C’est auprès des symbolistes de la fin du XIXe siècle – Redon, Khnopff, sur lequel il rédigera son mémoire aux Beaux- Arts – qu’il trouvera la liberté de mêler le sublime et l’intériorité, l’étrange et les petits riens du quotidien, le mystère, la spiritualité et le ravissement des instants de beauté fugaces, qui font vraiment sa patte. Avec ces maîtres du siècle passé, il partage des craintes: l’aveuglement face au progrès, la disparition de la spiritualité. «Si l’on n’associe pas la nature à une dimension sacrée, je ne vois pas comment s’en sortir collectivement.»
En cinq dates
2003 L’OEil de la forêt, son premier album en couleur chez un grand éditeur (Casterman), reçoit le Grand Prix au Festival de Sierre.
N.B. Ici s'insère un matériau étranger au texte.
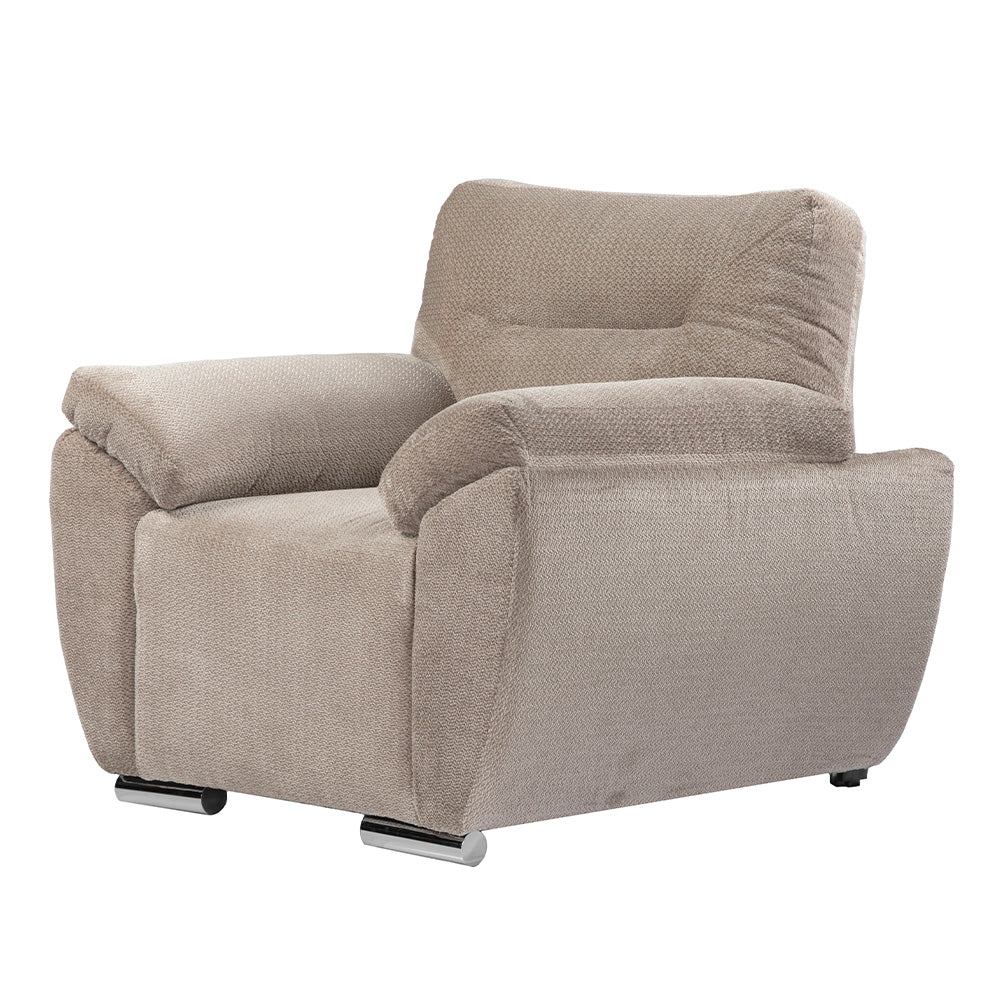 Sillón Denver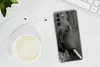 MuchoWow® Handyhülle Schutzhülle Hülle für Samsung Galaxy Produktbild-Vorschau 6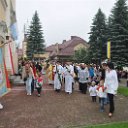 zakonczenieoktawy 009
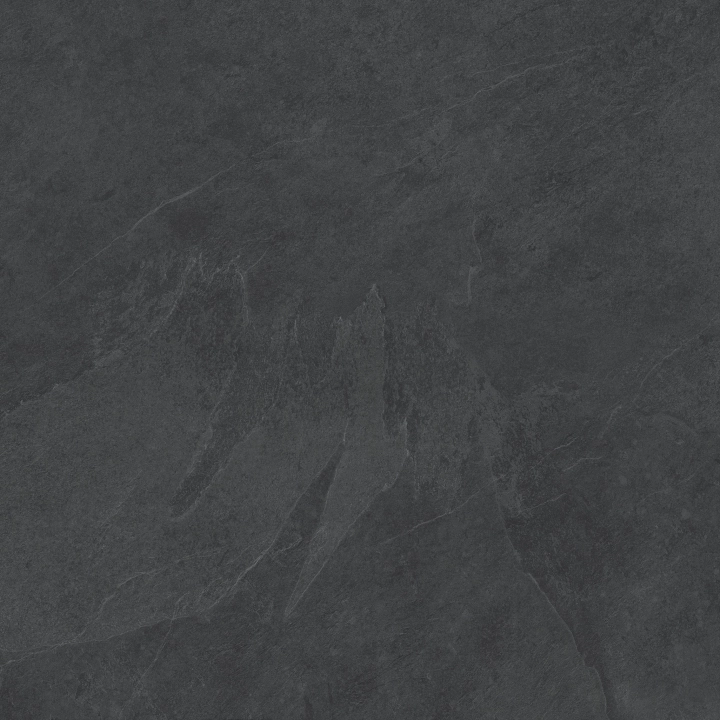 Caesar Slab2 Dark matowa 80x80 cm gr. 9 mm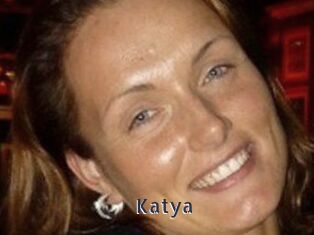 Katya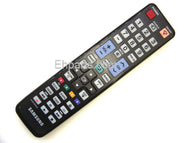 Samsung AA59-00441A Remote control - EH Parts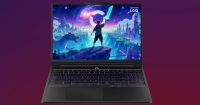 Η Lenovo διευρύνει τη σειρά gaming προϊόντων της με νέους υπολογιστές LOQ Essential και οθόνες Legion
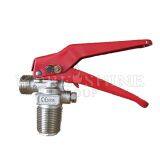 fire extinguishers Valve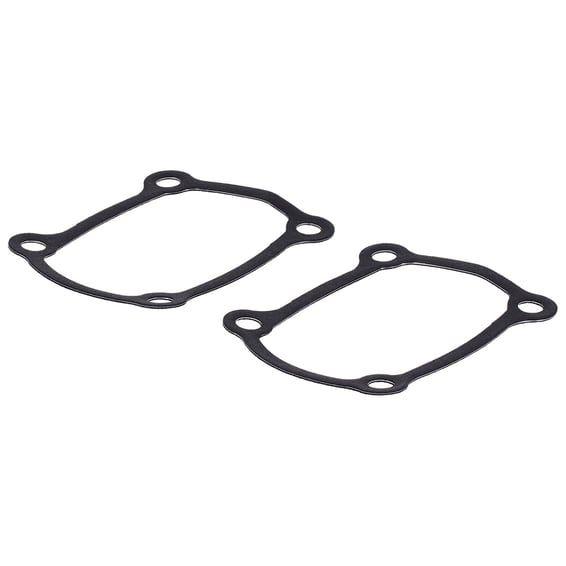 James, tappet block gasket set. Foamet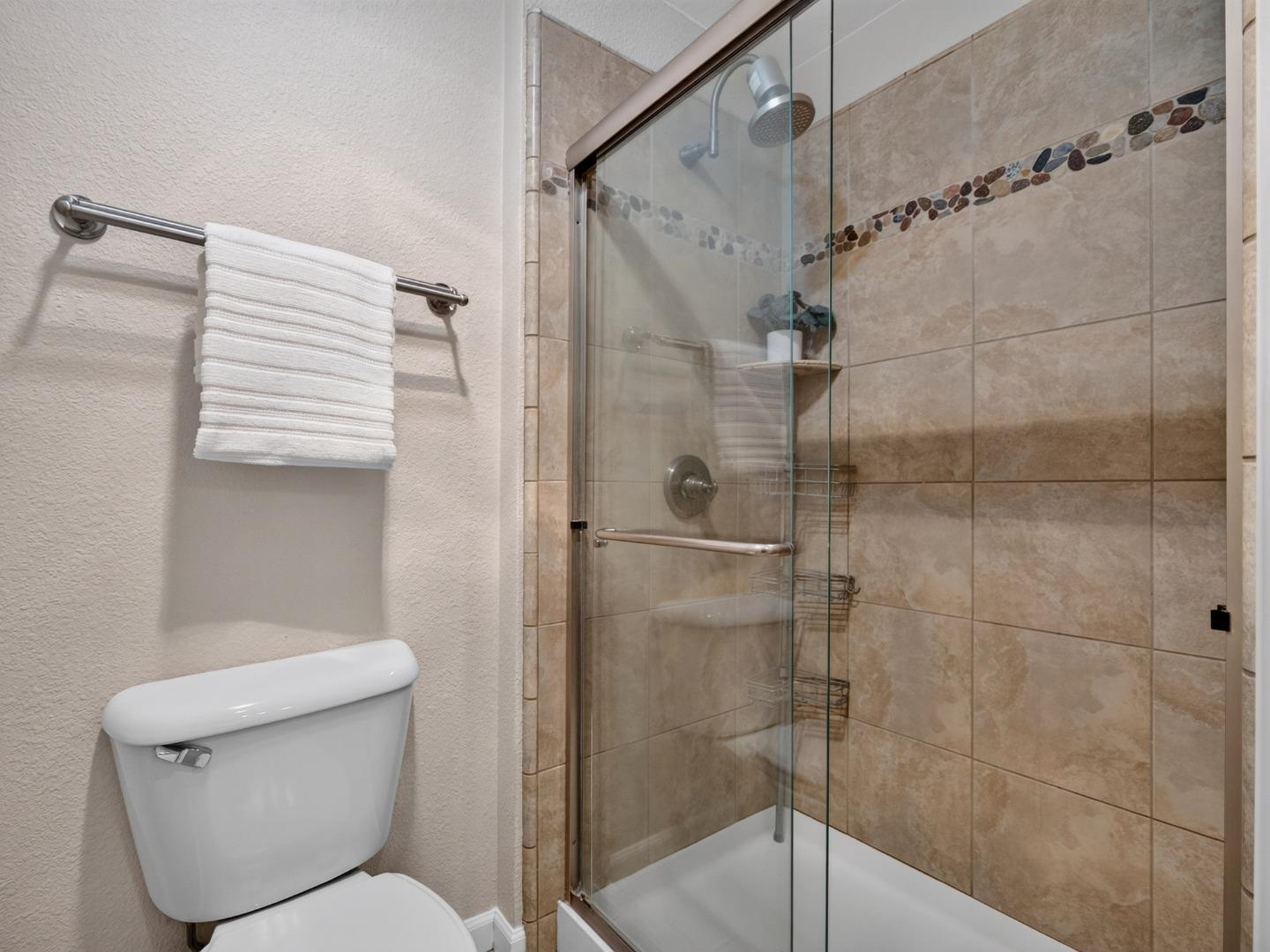 Photo #23: ML82051679 Listing: Photo #23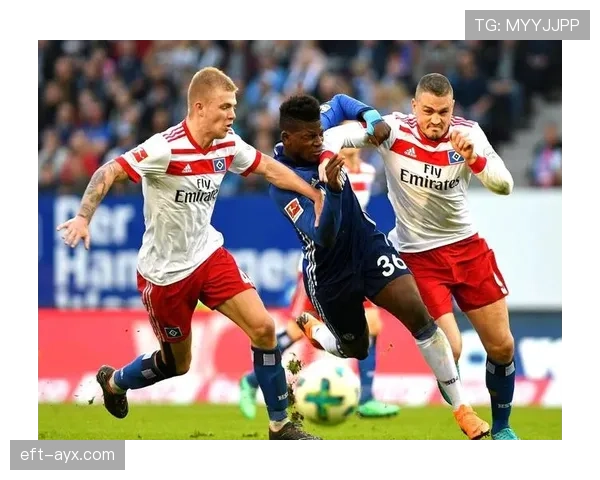 莱比锡能否争夺德甲冠军:本赛季争冠形势变化与关键因素分析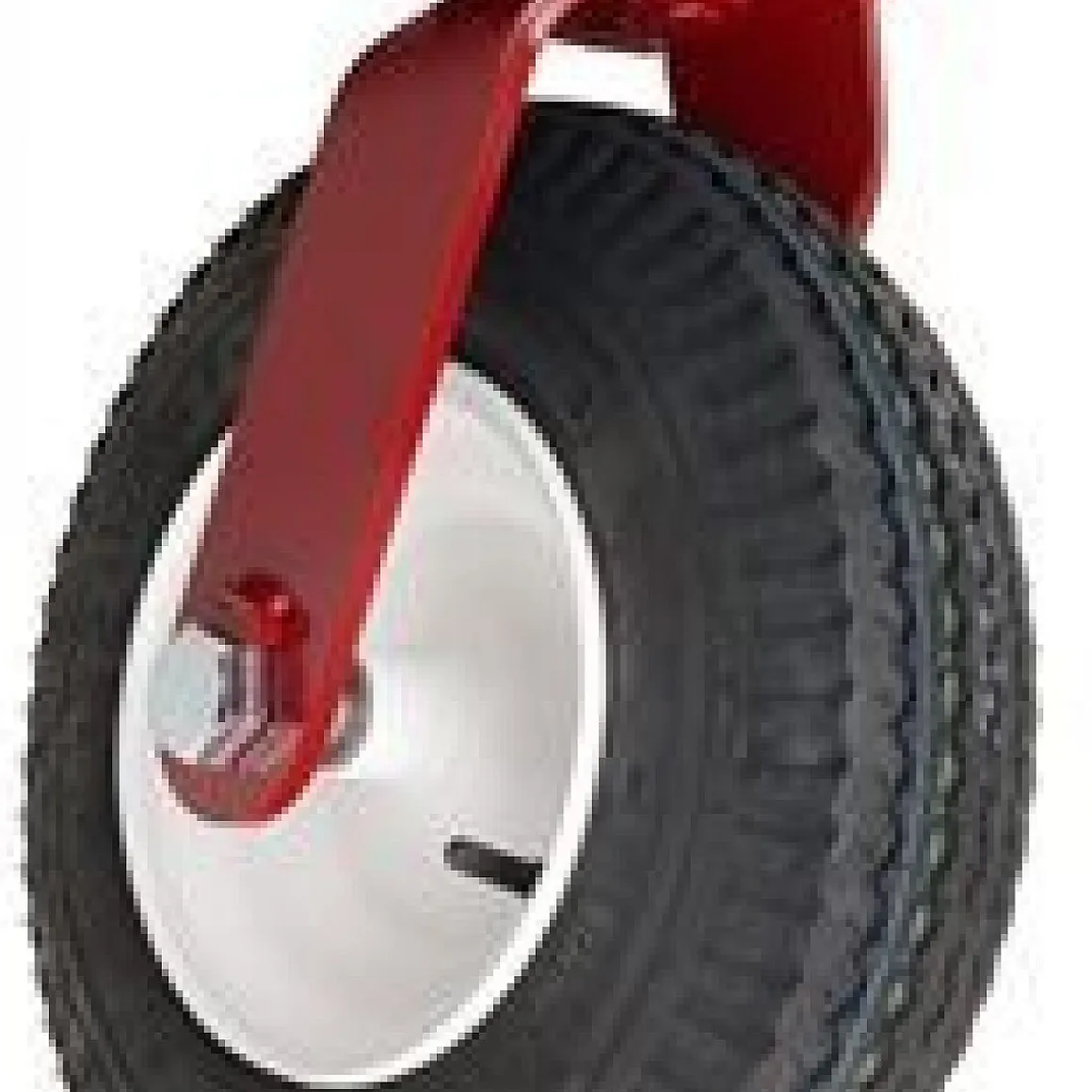 S-70166-PR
2013 Kongo (Futuropolis, scénario: Perrissin) gagne le prix Töpffer. Voyage à Kinshasa pour parler de l’album.
2019 Grande exposition rétrospective de vingt-cinq ans de dessin au Cartoonmuseum de Bâle.
2023 Prix FEMS (Fondation Sandoz) pour un texte littéraire illustré (travail en cours).
2024 Invité d’honneur du festival BDfil de Lausanne (15 au 28 avril 2024).
«Terra Animalia»
Fable de science-fiction, cet ouvrage sort en avant-première à BDfil et nous propulse sur une terre peuplée exclusivement d’animaux et de végétaux. Des humains s’y retrouvent et leur face-à-face avec le sauvage n’est pas de tout repos. Cet «Adam et Eve» revisité pose la question du réensauvagement, ouvrant un nouveau récit écologique. «Je n’ai envie de raconter que cela: notre lien au vivant, à la nature sauvage et à la beauté. Le reste ne m’intéresse pas.»
Terra Animalia, Patrick Mallet, Tom Tirabosco, La joie de lire, 2024.